Repeat every record exactly.

:: Data to process ::

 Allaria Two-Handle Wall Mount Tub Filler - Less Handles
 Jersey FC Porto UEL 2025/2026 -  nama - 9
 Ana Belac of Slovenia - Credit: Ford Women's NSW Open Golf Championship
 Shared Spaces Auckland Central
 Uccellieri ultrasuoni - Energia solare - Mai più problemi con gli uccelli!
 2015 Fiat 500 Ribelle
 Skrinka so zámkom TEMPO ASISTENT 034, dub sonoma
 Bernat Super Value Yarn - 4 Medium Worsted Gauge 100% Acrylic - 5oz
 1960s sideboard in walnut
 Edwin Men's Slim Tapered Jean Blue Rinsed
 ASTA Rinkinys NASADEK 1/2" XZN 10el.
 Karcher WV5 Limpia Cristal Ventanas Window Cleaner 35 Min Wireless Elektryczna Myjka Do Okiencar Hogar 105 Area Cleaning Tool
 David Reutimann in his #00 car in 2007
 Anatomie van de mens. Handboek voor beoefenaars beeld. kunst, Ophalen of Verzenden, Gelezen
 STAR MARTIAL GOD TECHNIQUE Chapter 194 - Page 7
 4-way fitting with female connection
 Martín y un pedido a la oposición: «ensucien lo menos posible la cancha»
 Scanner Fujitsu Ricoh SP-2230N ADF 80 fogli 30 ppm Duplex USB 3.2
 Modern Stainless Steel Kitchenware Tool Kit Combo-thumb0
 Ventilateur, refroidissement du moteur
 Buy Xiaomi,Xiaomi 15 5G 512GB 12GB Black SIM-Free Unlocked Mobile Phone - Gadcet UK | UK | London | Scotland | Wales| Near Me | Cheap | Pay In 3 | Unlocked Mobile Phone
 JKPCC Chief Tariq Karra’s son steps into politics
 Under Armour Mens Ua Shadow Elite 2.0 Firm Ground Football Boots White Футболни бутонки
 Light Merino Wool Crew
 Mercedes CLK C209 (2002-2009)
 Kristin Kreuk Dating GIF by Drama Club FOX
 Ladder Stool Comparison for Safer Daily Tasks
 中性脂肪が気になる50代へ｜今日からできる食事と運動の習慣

:::

_Your response_
 Allaria Two-Handle Wall Mount Tub Filler - Less Handles
 Jersey FC Porto UEL 2025/2026 -  nama - 9
 Ana Belac of Slovenia - Credit: Ford Women's NSW Open Golf Championship
 Shared Spaces Auckland Central
 Uccellieri ultrasuoni - Energia solare - Mai più problemi con gli uccelli!
 2015 Fiat 500 Ribelle
 Skrinka so zámkom TEMPO ASISTENT 034, dub sonoma
 Bernat Super Value Yarn - 4 Medium Worsted Gauge 100% Acrylic - 5oz
 1960s sideboard in walnut
 Edwin Men's Slim Tapered Jean Blue Rinsed
 ASTA Rinkinys NASADEK 1/2" XZN 10el.
 Karcher WV5 Limpia Cristal Ventanas Window Cleaner 35 Min Wireless Elektryczna Myjka Do Okiencar Hogar 105 Area Cleaning Tool
 David Reutimann in his #00 car in 2007
 Anatomie van de mens. Handboek voor beoefenaars beeld. kunst, Ophalen of Verzenden, Gelezen
 STAR MARTIAL GOD TECHNIQUE Chapter 194 - Page 7
 4-way fitting with female connection
 Martín y un pedido a la oposición: «ensucien lo menos posible la cancha»
 Scanner Fujitsu Ricoh SP-2230N ADF 80 fogli 30 ppm Duplex USB 3.2
 Modern Stainless Steel Kitchenware Tool Kit Combo-thumb0
 Ventilateur, refroidissement du moteur
 Buy Xiaomi,Xiaomi 15 5G 512GB 12GB Black SIM-Free Unlocked Mobile Phone - Gadcet UK | UK | London | Scotland | Wales| Near Me | Cheap | Pay In 3 | Unlocked Mobile Phone
 JKPCC Chief Tariq Karra’s son steps into politics
 Under Armour Mens Ua Shadow Elite 2.0 Firm Ground Football Boots White Футболни бутонки
 Light Merino Wool Crew
 Mercedes CLK C209 (2002-2009)
 Kristin Kreuk Dating GIF by Drama Club FOX
 Ladder Stool Comparison for Safer Daily Tasks
 中性脂肪が気になる50代へ｜今日からできる食事と運動の習慣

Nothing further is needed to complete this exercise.